Wave Goodbye to Hillary Clinton
I said it almost three months ago: After Barack Obama's delegate-hogging blowouts through the month of February, there was no way Hillary Clinton could still become president. Sure, she's performed better than I expected in the post-February states. I always thought (as the Obama campaign thought) that she would lose Indiana. But her win there was ephemeral and will net her one (1) extra delegate, and it came after public and internal polls showed her winning another clear, thank-you-white-working-class-of-which-I-am-a-part victory of 5 to 10 points. Expectations ran away from the Clinton campaign. Today the pundits are discounting the squeaker win and saying, louder, what they've known since February.
Andrew Sullivan quotes the New York Times, assessing Obama's resilience under a monthlong scandal/negative storyline cloud, and jumps for joy.
Wright is a grenade that will fizzle. The right will try other gambits—the Ayers crap and if that doesn't work, look for them to take aim at Obama's wife. But Obama's survival—or rather the voters' refusal to make this election about the Freak Show—suggests that Newt is right. This will not work this year.
The Wright stuff, and a few other developments in the campaign, had me openly rooting against Clinton last night. There was a time at the start of the primaries when I credited Clinton for a more substantive campaign than Obama. When I saw Obama on the trail (I never caught a town hall, though West Virginia's not too far away…) his campaign would fabricate a rally that felt like the concert portion of an auto show. Hours early, voters would stream into the venue. They'd chatter and wave signs as the event got off to a late start. Obama would arrive and give a soaring, but warmed-over, speech of crescendos and promises and Mick Jagger moments. Then he'd leave. Clinton, on the other hand, would hustle in to a less-crowded event, give a short speech very long on policy, and start taking audience questions. Sometimes she'd get an odd one and answer it with a howler. But she was never uninformed.
This, we were told, was why Obama was winning and Clinton was losing. I thought that was unfair. Clinton's microtrendy town halls, her dull, wonky events, and her long debate answers seemed like the sort of stuff a candidate should do, and Obama's events and answers seemed like the stage-managed crap that lulls the electorate into electing a cypher.
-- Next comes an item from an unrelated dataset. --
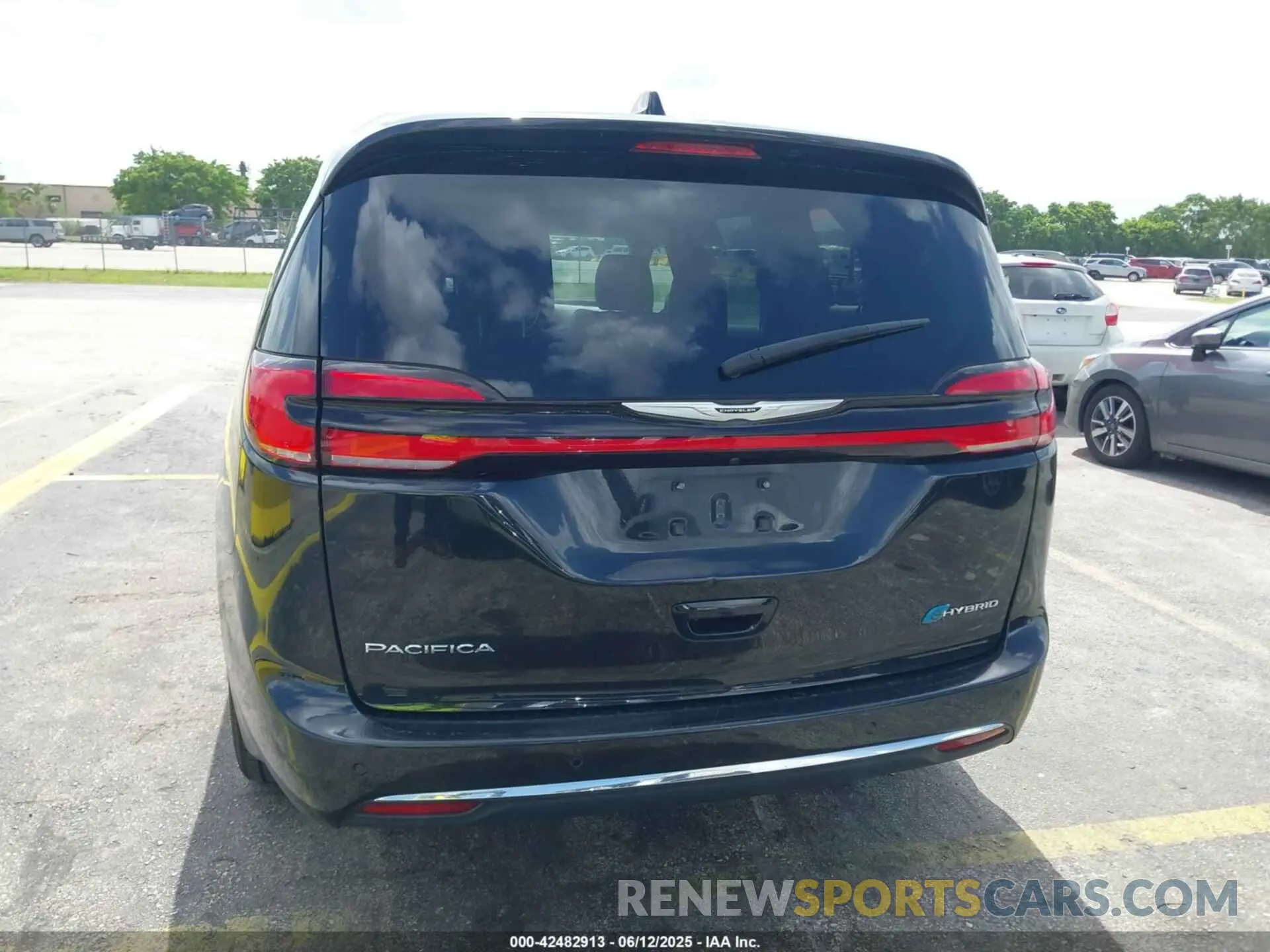 16 Photograph of a damaged car 2C4RC1S73PR541980 CHRYSLER PACIFICA HYBRID 2023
That changed sometime after the February blowouts. Clinton's people looked at the numbers and saw which voters were sticking with them–which voters had moved to Obama, but could be snagged back. They saw whites with less income and less education. So they made a virtue out of that support. They retooled the campaign to go after them and to argue, implicitly, that to not do so, and to not win them, was rank elitism. This is what Noemie Emery found so appetizing about Clinton over the last leg of the campaign.
She is becoming a social conservative, a feminist form of George Bush. Against an opponent who shops for arugula, hangs out with ex-Weathermen, and says rural residents cling to guns and to God in unenlightened despair at their circumstances, she has rushed to the defense of religion and firearms, while knocking back shots of Crown Royal and beer. Her harsh, football-playing Republican father (the villain of the piece, against whom she rebelled in earlier takes on her story) has become a role model, a working class hero, whose name she evokes with great reverence. Any day now, she'll start talking Texan, and cutting the brush out in Chappaqua or at her posh mansion on Embassy Row.
Cultural feints like that were part of the strategy. The other part was dumb policy, like the "gas tax holiday" that Clinton spent the final week of Indiana/North Carolina pushing at events and on TV. I'm flabbergasted that it didn't work, but it didn't deserve to work. Coronation, 30-point-lead-era Clinton was comfortable enough to talk to voters like grown-ups.